Problem statement:
Your output should be the lines from the one with "ตุลาคม 2565 องค์การบริหารส่วนตำบลทุ่งวัง" through the last line of the records below, exactly as written, minus the pictures.

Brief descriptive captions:
━━━━

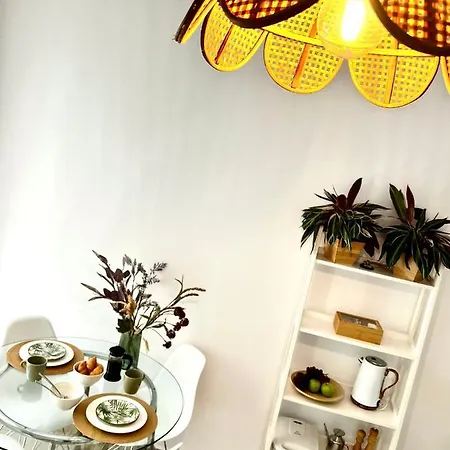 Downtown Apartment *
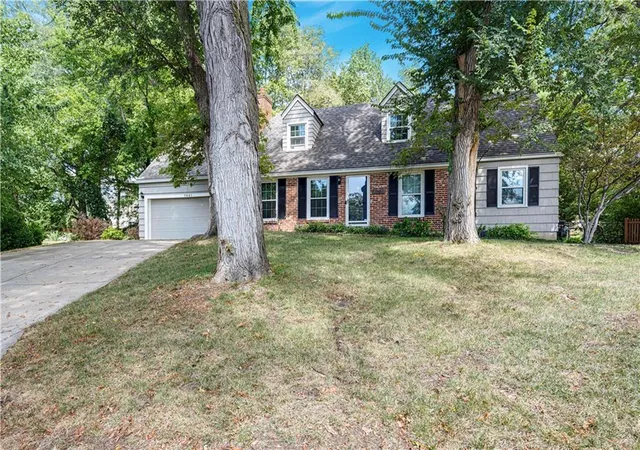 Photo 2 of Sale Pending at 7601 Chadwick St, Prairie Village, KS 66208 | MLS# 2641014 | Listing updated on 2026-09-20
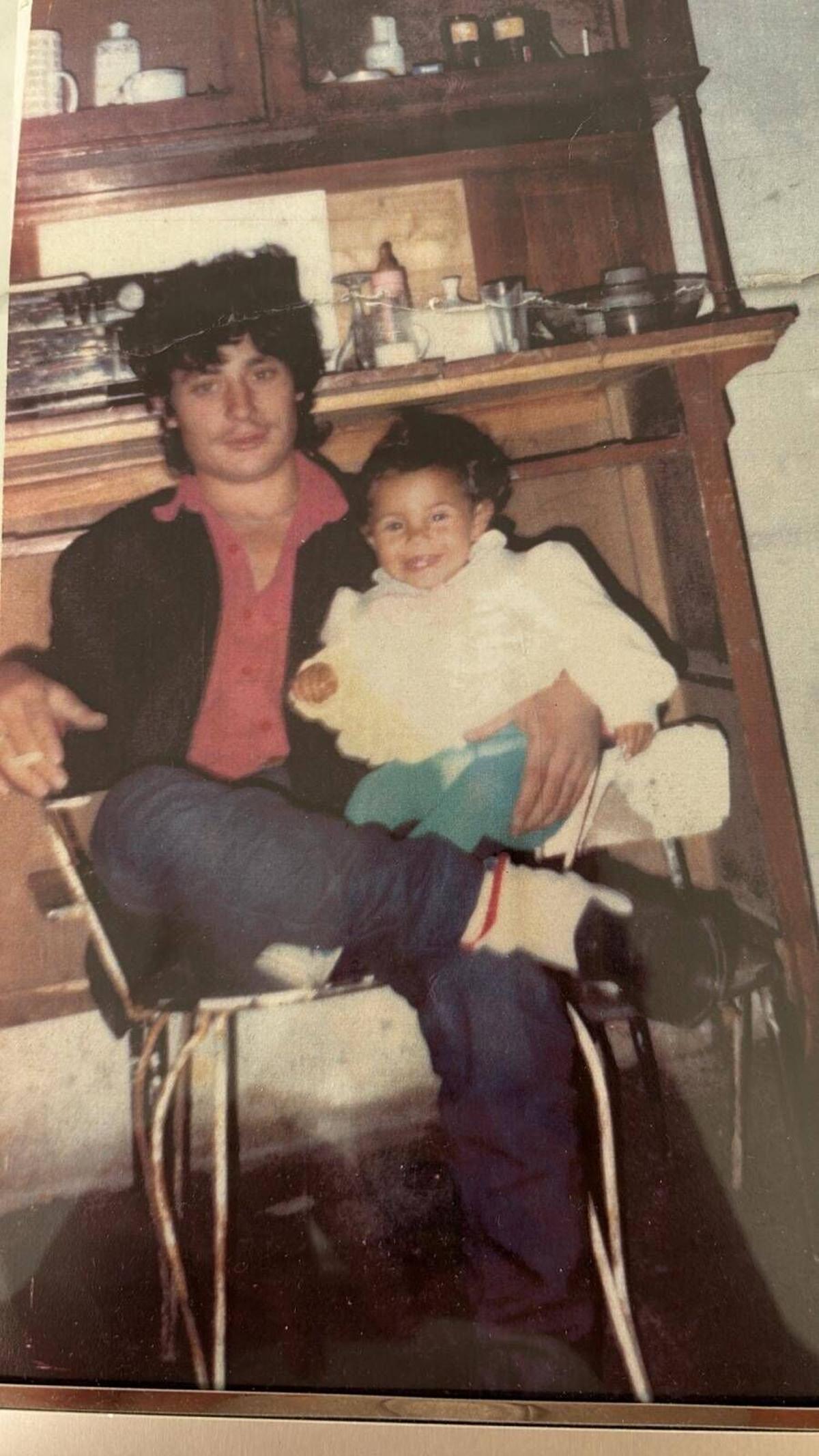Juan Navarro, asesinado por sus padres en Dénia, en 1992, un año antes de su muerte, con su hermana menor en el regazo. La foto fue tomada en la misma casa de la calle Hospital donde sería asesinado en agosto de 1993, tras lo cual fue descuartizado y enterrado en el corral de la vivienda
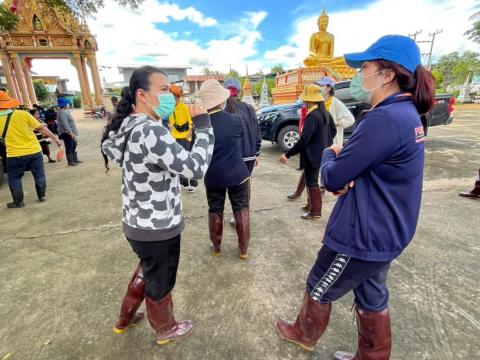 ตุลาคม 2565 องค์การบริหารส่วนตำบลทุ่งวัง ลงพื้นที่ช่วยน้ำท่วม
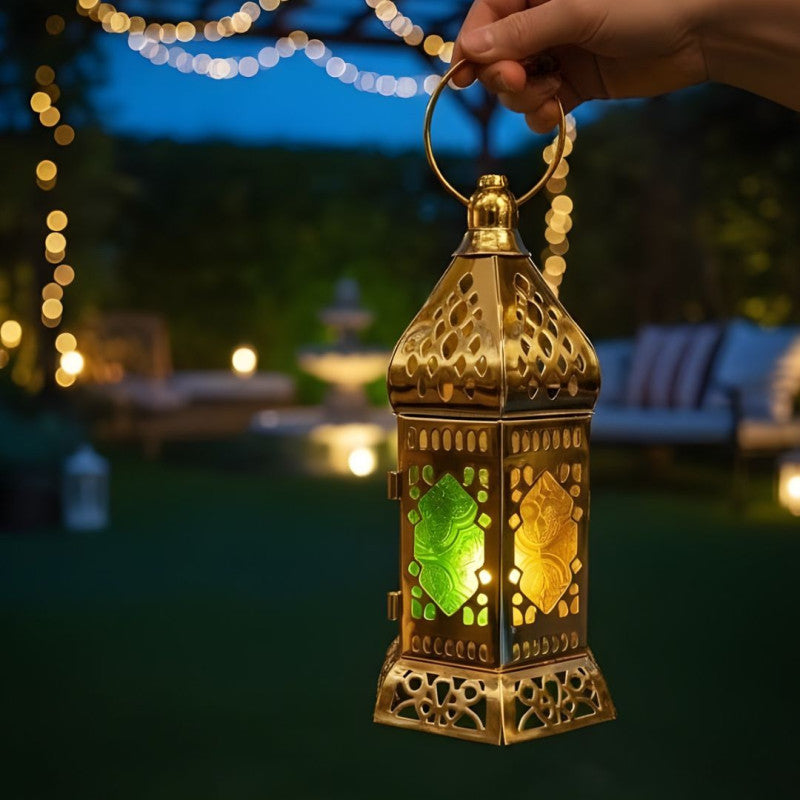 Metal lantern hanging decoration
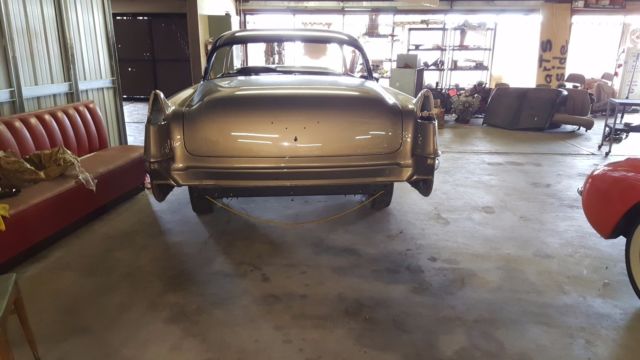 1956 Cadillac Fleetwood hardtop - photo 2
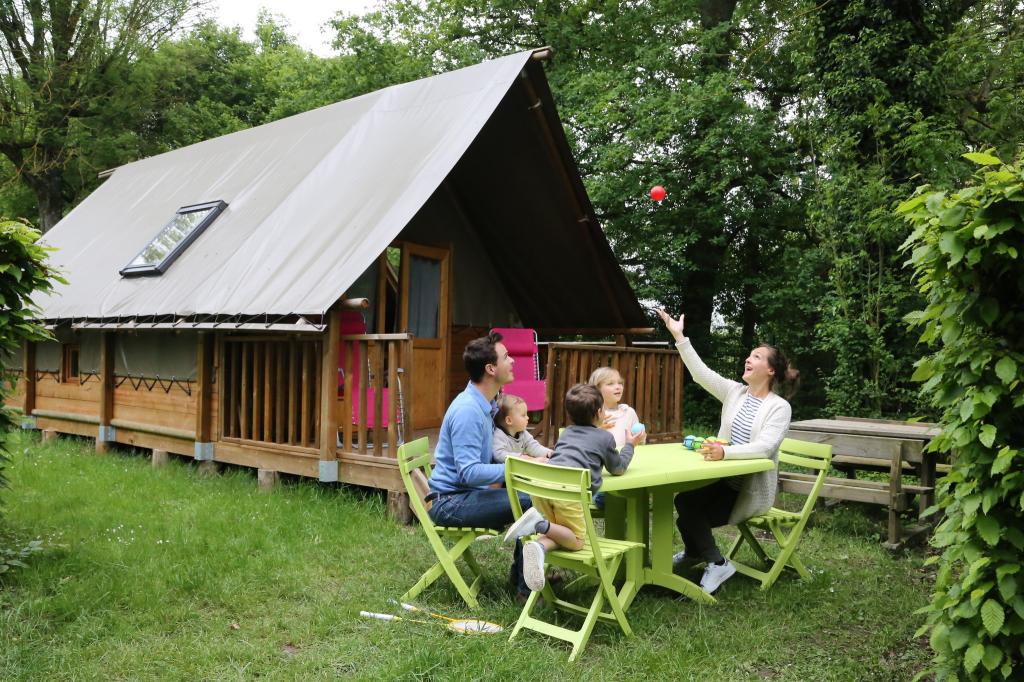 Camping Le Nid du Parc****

━━━━

Solution to this problem:
 ตุลาคม 2565 องค์การบริหารส่วนตำบลทุ่งวัง ลงพื้นที่ช่วยน้ำท่วม
 Metal lantern hanging decoration
 1956 Cadillac Fleetwood hardtop - photo 2
 Camping Le Nid du Parc****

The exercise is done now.